(Dataset items)
----
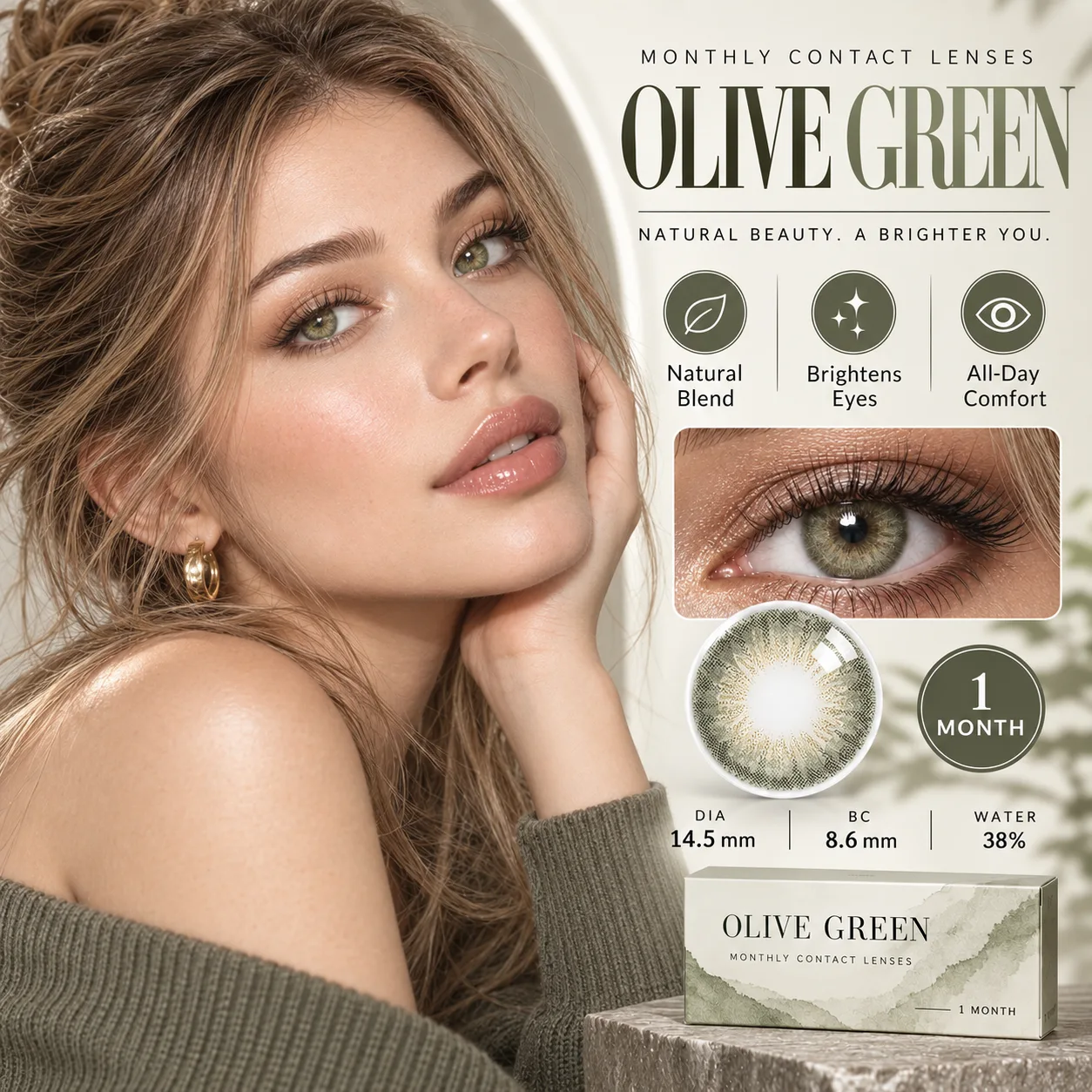 Lensora Studio Lovely Green Monthly Colored Contact Lenses Green Monatslinsen farbige Kontaktlinsen
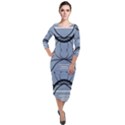 Abstract pattern geometric backgrounds   Quarter Sleeve Midi Velour Bodycon Dress View1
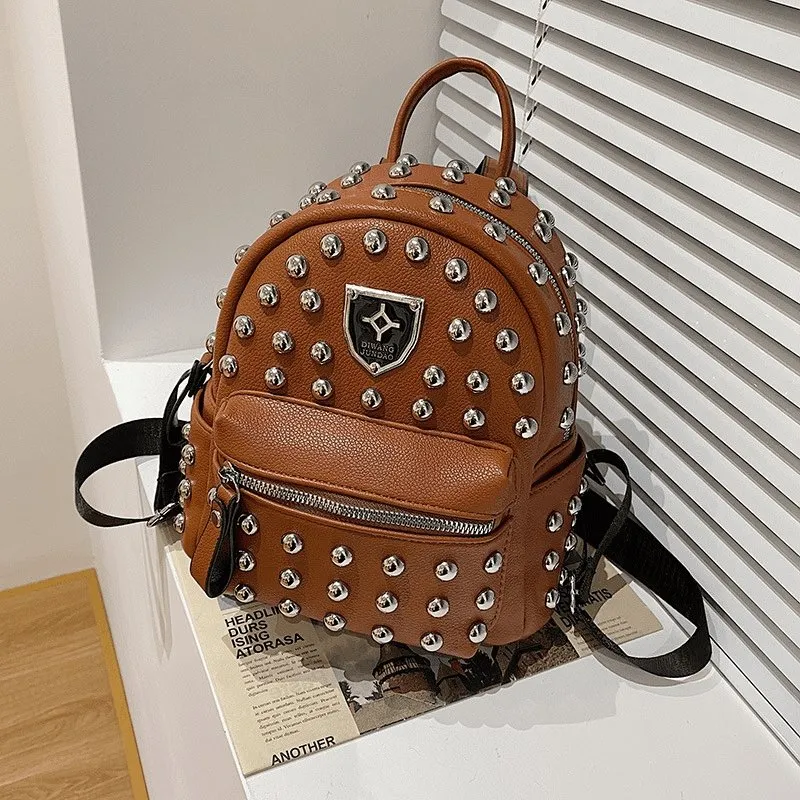 Rivet Design Solid Color Backpack Bag Purse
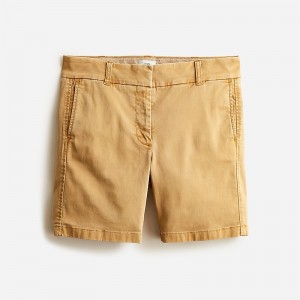 Women's J.Crew 7" stretch chino Shorts Honey Brown USA MFOIDXY19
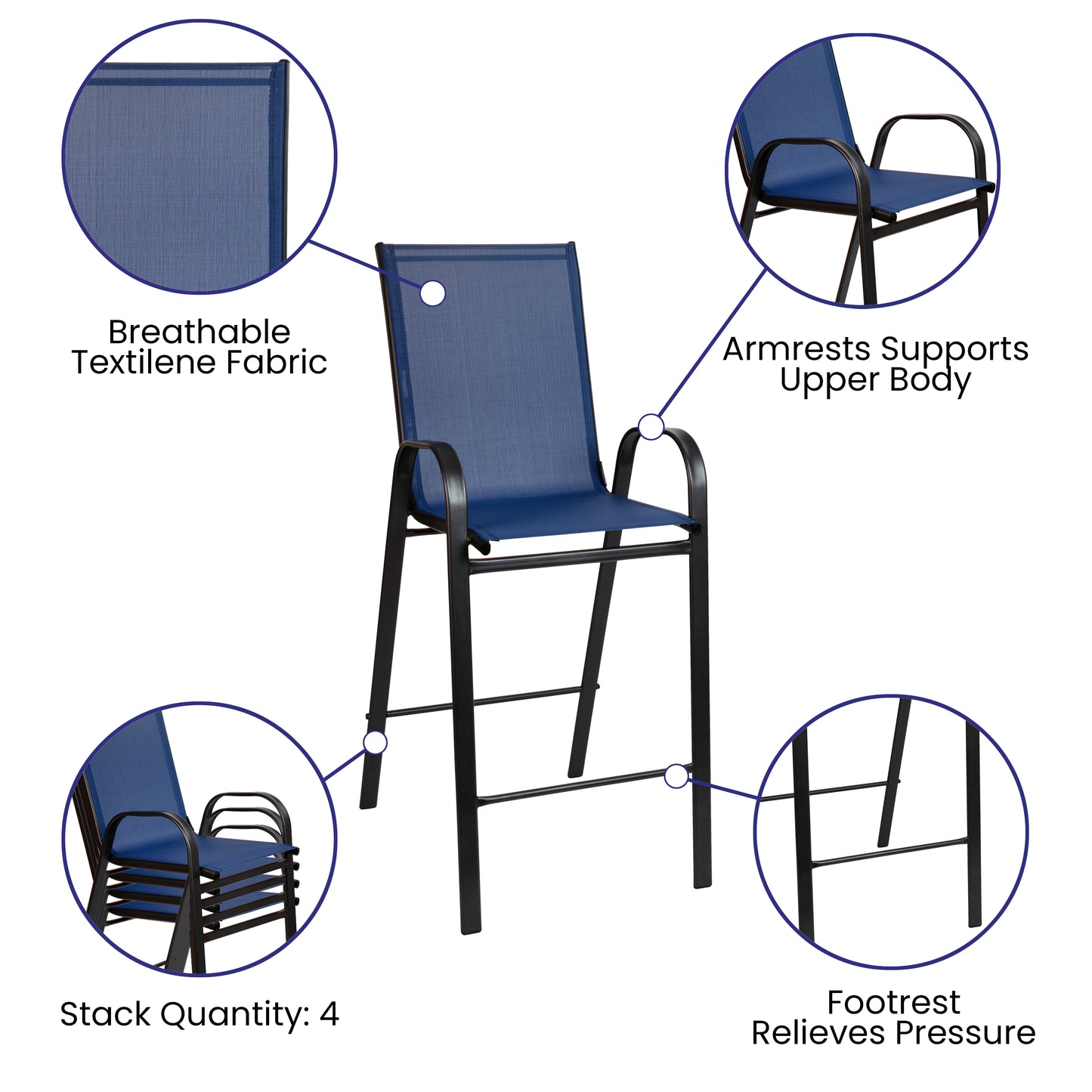Brazos Outdoor Dining Set - 4-Person Bistro Set - Brazos Outdoor Glass Bar Table with Navy All-Weather Patio Stools Navy TLH-073H092H4-NV-GG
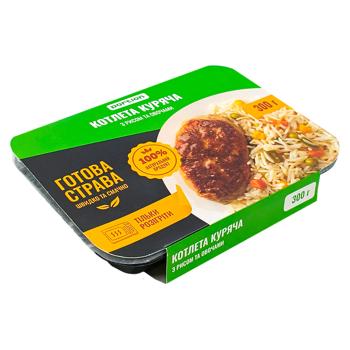 Котлета кур.з рис.та овоч.300г (лоток+рукав+стол.набір) - купити, ціни на Чудо Маркет - фото 2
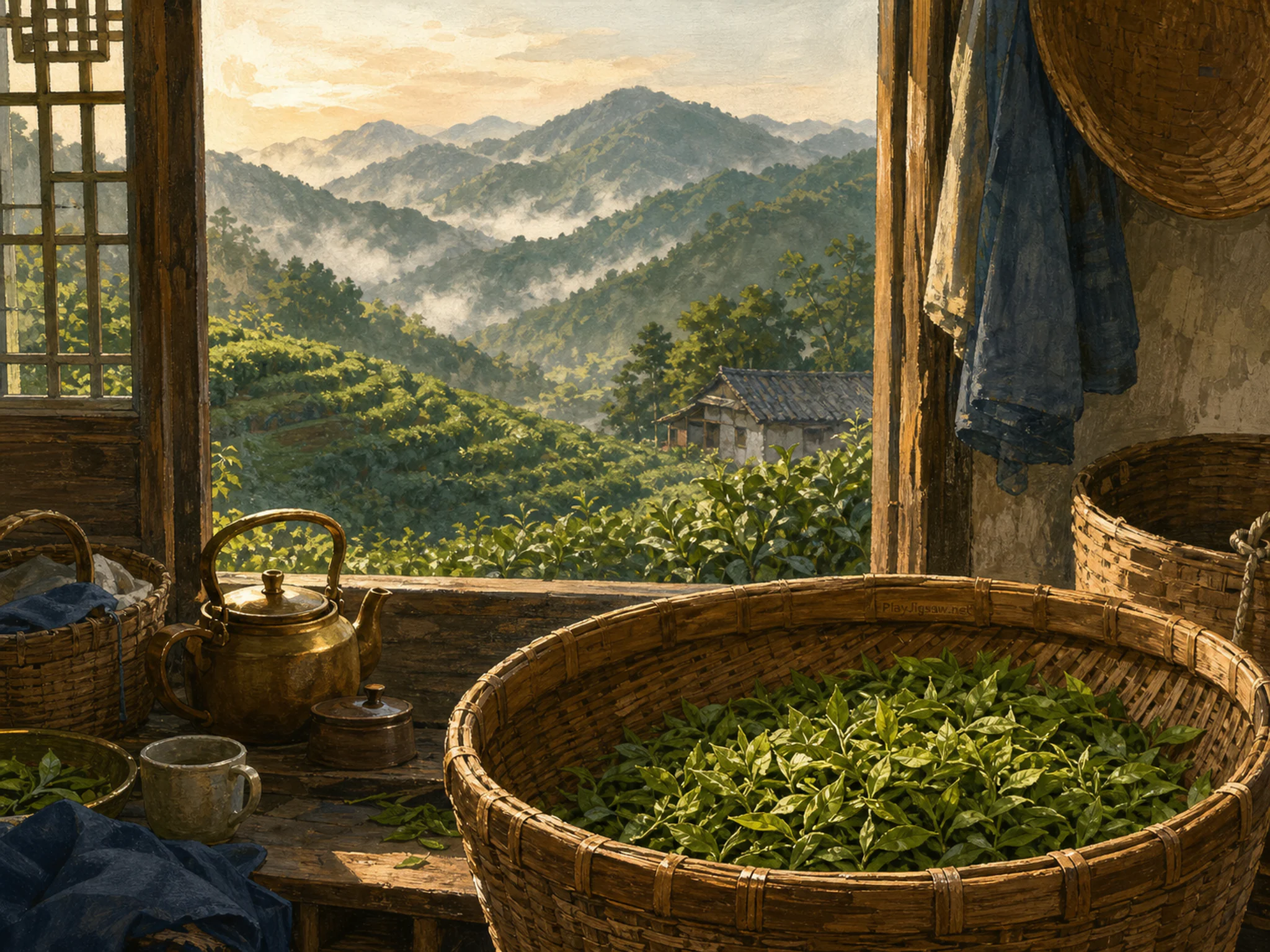 misty tea mountains opening beyond a woven harvest basket in a misty tea-growing hillside with a modest worker shed and no people, with familiar objects and warm late-day sunlight.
----
The problem:
Precisely the lines from the one containing "Brazos Outdoor Dining" to the end of the data above, both included, should be printed; leave the pictures out.

Result of this task:
Brazos Outdoor Dining Set - 4-Person Bistro Set - Brazos Outdoor Glass Bar Table with Navy All-Weather Patio Stools Navy TLH-073H092H4-NV-GG
 Котлета кур.з рис.та овоч.300г (лоток+рукав+стол.набір) - купити, ціни на Чудо Маркет - фото 2
 misty tea mountains opening beyond a woven harvest basket in a misty tea-growing hillside with a modest worker shed and no people, with familiar objects and warm late-day sunlight.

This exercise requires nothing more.